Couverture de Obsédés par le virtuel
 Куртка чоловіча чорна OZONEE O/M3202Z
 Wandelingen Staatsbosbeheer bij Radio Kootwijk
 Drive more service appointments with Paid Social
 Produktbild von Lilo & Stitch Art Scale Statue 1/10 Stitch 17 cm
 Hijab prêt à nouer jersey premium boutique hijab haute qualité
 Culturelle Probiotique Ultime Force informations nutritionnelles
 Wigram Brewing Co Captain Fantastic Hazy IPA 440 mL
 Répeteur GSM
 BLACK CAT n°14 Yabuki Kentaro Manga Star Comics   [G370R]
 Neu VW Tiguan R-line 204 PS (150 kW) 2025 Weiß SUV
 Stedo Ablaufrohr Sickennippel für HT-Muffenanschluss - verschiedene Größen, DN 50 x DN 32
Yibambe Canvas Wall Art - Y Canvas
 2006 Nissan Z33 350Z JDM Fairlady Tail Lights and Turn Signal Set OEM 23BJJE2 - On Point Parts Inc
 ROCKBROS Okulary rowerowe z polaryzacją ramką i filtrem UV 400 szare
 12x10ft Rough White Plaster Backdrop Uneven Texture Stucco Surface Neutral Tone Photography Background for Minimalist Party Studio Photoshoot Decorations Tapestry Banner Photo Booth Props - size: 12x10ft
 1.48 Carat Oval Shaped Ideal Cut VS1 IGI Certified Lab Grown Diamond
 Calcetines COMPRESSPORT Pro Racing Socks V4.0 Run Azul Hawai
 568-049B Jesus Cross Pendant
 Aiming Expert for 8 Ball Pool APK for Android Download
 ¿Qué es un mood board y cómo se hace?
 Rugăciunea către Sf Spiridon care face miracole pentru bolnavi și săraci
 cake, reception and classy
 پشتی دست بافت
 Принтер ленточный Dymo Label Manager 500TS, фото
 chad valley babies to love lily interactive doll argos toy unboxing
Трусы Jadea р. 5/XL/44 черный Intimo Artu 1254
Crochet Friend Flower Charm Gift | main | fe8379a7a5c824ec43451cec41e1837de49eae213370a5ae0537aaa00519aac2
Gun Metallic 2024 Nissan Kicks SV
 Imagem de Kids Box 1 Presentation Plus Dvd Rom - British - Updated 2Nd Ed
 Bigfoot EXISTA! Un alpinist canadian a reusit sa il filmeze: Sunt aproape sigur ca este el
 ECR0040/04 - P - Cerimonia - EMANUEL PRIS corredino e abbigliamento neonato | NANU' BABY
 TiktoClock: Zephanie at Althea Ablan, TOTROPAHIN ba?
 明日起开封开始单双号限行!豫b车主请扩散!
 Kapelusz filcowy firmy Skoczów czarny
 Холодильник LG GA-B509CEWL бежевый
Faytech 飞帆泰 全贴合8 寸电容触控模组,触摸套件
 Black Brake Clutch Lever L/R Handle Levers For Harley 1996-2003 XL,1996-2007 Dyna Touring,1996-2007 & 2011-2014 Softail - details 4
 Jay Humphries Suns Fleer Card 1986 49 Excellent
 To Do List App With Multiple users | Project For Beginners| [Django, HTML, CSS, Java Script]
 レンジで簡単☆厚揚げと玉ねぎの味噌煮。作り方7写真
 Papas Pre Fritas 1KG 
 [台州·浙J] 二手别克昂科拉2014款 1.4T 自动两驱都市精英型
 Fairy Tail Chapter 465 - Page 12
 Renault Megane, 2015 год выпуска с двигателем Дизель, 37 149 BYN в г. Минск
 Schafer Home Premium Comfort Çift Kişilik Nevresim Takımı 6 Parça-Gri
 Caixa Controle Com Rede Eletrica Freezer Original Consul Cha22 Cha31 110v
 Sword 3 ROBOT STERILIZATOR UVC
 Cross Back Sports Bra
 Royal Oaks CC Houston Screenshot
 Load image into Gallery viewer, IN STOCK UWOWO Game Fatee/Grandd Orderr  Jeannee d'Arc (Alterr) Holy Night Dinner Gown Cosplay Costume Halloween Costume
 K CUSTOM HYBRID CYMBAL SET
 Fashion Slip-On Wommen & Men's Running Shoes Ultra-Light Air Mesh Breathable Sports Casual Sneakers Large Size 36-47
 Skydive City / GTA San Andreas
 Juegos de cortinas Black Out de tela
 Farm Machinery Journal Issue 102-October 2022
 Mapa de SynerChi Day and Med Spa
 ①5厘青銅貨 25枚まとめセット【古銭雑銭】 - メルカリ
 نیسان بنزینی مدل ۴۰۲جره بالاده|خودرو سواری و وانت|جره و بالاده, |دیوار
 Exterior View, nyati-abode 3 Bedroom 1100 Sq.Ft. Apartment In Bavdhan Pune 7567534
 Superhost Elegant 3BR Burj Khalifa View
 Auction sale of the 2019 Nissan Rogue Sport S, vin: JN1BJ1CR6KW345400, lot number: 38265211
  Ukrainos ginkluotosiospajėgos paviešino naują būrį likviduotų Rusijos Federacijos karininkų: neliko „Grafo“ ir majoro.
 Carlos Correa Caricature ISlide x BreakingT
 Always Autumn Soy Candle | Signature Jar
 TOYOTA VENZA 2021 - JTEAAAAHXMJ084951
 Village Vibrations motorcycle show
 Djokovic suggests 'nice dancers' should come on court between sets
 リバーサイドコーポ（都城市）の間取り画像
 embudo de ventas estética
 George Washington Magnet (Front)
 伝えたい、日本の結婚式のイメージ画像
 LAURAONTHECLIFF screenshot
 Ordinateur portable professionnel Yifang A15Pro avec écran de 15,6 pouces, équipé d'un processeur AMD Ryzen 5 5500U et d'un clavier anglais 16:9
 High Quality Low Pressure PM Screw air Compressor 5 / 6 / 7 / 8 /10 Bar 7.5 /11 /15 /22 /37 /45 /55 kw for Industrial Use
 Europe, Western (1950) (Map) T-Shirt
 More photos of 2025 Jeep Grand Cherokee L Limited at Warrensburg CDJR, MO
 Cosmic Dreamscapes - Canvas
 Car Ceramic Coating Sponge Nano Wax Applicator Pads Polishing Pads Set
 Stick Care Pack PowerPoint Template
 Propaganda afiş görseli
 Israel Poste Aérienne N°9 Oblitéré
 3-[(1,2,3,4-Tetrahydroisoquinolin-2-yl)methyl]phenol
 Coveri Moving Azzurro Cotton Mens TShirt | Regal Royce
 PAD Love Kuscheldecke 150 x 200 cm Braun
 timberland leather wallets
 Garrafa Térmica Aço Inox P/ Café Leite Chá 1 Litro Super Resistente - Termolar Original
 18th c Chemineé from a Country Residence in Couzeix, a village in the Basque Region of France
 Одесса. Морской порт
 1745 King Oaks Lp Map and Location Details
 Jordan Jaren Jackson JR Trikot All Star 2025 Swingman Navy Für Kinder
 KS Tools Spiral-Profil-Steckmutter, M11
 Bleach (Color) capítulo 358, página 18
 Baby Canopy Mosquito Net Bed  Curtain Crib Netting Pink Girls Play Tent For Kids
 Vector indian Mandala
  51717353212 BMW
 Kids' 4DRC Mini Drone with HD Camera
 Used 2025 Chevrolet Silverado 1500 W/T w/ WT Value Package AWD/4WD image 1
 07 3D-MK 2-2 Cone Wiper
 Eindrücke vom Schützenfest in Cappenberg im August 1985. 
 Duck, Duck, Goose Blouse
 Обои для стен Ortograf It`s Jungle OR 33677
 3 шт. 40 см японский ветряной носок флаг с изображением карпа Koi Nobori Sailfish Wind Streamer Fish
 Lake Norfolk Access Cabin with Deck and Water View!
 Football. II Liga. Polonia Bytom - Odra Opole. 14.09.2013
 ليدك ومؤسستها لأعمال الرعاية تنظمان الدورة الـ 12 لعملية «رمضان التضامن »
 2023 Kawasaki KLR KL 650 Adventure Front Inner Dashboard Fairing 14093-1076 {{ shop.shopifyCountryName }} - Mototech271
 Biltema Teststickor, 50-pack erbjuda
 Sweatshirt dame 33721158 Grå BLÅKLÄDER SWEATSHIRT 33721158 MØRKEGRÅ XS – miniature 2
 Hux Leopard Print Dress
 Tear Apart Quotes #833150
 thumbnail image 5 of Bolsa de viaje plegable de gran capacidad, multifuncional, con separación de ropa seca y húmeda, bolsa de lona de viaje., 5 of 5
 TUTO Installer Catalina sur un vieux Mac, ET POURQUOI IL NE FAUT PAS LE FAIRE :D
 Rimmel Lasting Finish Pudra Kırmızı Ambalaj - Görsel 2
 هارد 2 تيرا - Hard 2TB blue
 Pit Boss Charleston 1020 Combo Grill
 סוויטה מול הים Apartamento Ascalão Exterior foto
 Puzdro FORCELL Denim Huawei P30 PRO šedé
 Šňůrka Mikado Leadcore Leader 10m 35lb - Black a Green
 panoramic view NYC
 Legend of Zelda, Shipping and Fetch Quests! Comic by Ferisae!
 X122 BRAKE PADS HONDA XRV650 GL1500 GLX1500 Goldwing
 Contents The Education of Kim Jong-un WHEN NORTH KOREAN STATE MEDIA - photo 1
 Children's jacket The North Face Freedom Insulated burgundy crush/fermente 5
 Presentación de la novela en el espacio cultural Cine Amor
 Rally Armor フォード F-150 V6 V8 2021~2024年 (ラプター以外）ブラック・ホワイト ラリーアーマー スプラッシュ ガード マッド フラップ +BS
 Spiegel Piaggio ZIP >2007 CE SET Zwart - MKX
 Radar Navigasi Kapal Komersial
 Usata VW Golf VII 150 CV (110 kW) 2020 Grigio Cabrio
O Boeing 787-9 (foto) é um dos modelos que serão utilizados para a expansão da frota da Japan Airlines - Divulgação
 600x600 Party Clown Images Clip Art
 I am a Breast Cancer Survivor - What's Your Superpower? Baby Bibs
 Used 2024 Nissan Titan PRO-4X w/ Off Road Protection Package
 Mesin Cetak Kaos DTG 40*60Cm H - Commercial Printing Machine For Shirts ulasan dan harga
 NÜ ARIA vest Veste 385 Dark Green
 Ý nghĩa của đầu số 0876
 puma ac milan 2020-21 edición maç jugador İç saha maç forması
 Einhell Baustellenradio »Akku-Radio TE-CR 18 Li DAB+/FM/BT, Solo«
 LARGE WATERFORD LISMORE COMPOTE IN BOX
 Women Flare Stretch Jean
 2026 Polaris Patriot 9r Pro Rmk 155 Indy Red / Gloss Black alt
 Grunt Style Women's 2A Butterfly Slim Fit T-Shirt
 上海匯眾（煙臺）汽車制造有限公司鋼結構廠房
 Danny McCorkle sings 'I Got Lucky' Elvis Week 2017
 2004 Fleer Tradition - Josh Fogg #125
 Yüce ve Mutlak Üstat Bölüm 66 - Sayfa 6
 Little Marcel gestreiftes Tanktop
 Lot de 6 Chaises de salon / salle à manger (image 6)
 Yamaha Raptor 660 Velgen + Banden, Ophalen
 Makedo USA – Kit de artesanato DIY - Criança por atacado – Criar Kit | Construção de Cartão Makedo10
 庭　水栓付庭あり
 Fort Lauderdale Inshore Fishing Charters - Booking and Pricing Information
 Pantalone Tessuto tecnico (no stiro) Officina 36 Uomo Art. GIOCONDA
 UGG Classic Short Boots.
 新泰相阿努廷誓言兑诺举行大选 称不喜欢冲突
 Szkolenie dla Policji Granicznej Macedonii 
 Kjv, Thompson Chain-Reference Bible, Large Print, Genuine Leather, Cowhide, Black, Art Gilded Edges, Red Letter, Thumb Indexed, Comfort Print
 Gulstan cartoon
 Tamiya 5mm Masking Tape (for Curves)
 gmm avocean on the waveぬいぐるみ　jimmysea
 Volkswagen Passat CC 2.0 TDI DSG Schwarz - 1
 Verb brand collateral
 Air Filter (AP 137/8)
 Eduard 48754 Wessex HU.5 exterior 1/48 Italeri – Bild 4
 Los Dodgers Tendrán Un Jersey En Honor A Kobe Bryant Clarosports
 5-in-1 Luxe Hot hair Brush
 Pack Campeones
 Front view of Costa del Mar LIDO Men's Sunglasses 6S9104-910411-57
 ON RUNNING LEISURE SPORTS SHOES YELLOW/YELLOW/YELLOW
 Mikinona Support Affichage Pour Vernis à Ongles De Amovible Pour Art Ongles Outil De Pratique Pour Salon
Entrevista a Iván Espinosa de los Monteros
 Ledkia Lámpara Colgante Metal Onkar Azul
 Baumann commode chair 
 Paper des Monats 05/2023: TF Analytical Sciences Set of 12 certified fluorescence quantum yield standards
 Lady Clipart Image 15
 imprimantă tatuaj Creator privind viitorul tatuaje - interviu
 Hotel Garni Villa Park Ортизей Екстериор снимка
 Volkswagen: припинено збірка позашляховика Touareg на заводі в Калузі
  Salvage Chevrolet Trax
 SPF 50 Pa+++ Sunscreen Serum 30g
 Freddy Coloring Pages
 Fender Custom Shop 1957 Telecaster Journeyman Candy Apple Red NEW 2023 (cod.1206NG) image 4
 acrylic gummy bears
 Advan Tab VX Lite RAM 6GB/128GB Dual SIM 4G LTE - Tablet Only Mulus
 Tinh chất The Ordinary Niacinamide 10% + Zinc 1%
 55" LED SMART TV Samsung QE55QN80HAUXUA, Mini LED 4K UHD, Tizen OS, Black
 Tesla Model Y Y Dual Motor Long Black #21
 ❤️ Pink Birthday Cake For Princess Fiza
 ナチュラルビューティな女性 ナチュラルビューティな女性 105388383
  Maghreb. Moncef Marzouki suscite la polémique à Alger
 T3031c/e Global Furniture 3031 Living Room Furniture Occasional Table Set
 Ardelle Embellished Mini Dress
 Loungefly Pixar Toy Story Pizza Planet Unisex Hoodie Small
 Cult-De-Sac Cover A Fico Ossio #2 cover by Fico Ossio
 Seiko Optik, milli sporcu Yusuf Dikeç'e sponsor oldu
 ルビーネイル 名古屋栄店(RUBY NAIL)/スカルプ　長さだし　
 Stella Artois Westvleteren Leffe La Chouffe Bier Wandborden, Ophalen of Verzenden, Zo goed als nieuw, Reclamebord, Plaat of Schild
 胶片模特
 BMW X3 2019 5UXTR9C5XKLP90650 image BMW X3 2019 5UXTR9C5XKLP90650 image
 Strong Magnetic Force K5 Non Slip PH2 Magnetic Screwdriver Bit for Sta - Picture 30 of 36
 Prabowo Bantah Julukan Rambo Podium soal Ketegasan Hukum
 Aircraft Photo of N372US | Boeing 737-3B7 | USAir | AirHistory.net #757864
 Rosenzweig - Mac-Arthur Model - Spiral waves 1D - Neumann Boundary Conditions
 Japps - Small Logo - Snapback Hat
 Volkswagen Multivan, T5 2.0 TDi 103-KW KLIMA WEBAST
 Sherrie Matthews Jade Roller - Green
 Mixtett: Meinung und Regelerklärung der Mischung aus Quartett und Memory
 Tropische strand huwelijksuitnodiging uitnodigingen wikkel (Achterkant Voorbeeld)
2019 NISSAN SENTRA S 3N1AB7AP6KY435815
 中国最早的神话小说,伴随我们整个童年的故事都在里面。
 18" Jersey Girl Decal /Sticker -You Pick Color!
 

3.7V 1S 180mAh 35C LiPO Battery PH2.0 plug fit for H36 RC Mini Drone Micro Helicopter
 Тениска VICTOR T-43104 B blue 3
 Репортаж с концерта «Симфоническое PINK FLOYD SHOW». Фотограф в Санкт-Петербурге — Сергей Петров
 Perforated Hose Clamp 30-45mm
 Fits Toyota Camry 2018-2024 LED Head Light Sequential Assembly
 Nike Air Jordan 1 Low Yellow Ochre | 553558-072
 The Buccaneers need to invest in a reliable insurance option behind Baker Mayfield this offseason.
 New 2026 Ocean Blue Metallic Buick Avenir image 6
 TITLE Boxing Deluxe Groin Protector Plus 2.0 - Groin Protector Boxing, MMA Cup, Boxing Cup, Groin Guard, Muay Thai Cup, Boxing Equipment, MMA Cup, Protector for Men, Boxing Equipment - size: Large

→ What you will do
Note every line above where the string "Spiral" shows up, and copy those lines.

→ Final answer
 KS Tools Spiral-Profil-Steckmutter, M11
 Rosenzweig - Mac-Arthur Model - Spiral waves 1D - Neumann Boundary Conditions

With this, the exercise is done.